A storm system expected to form over the Central United States will bring the risk of severe thunderstorms and disruptive rain, beginning late Sunday.
Leftover moisture from Simon will join forces with a disturbance pushing across the Rockies this weekend. As the two systems get together to form one dynamic storm system, thunderstorms are forecast to erupt over portions of Texas, Oklahoma, Arkansas and Missouri Sunday afternoon.
According to Severe Weather Expert Henry Margusity, "For October, this could be a big outbreak of severe weather spanning late this weekend into the first part of next week."
The storms have the potential to become severe Sunday evening with the risk of damaging wind gusts, large hail and flash flooding being the main threats.
"A few of the strongest storms could produce a tornado as well," Margusity said.

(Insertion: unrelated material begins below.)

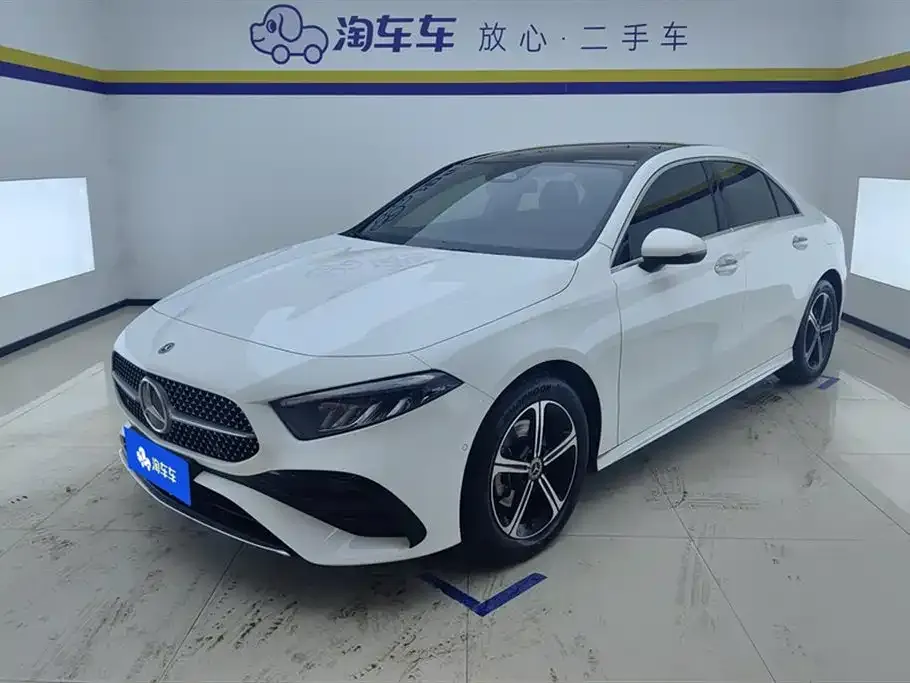 Mercedes-Benz A-Class 2023 из CN, фото 1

The threat of severe thunderstorms will shift eastward and expand northward on Monday and will extend from the upper Texas coast to the lower Mississippi and Ohio valleys. The same violent weather risks from Sunday night will continue over this region.

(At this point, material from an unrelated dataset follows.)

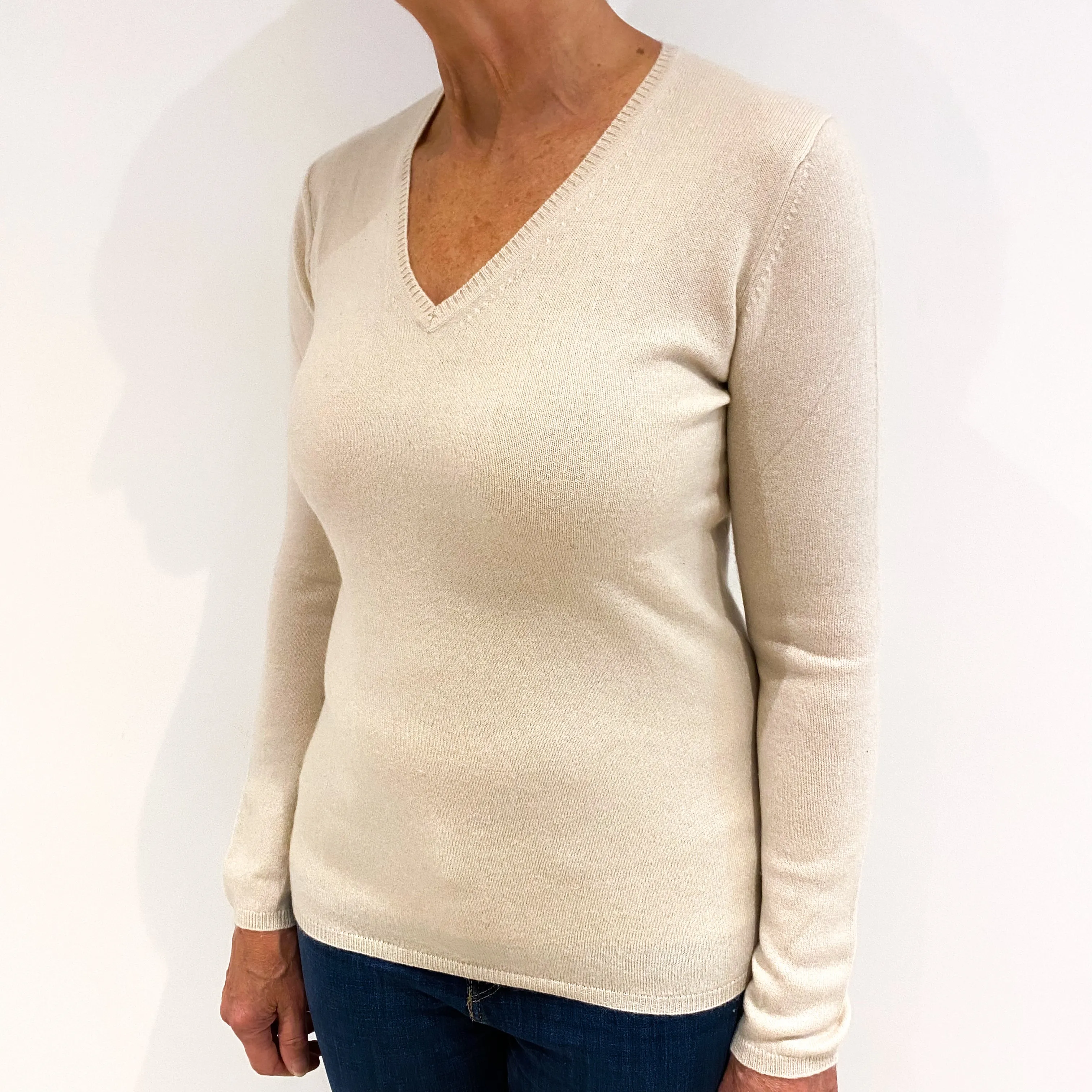 Soft Beige Cashmere V-Neck Jumper Medium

During the period from Sunday night into Monday, travel disruptions, property damage and power outages are possible in the major cities of Dallas, Oklahoma City, Little Rock, Houston, Memphis, St. Louis and Shreveport, Louisiana. The storms will fire along the corridors of Interstate-10, I-20, I-30, I-40, I-44 and I-45.

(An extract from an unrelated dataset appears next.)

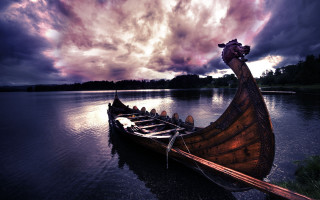 Boat cloudy sky cityscape night - a few person free wallpaper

During Monday night and Tuesday, the swath of stormy weather will continue to push eastward and expand northward.
According to AccuWeather Long Range Expert Paul Pastelok, "The nature of the storms beyond the day Monday may shift to more of a heavy rain and strong wind threat from the Tennessee Valley and southern Appalachians to the upper part of the Ohio Valley, central Appalachians and lower Great Lakes."
The risk of flash flooding and power outages will continue Monday night into midweek. The rain can overwhelm storm drains, especially those blocked with fallen leaves. Gusts in some of the bursts of heavy rain, with and without thunderstorms could still reach 55 mph.
A period of windswept rain and travel disruptions can affect areas along the I-95 corridor from by Wednesday from Raleigh, North Carolina, to Washington, D.C., Philadelphia and New York City. However, at this early stage, the risk of severe weather in part of the area from the Carolinas to the mid-Atlantic cannot be ruled out.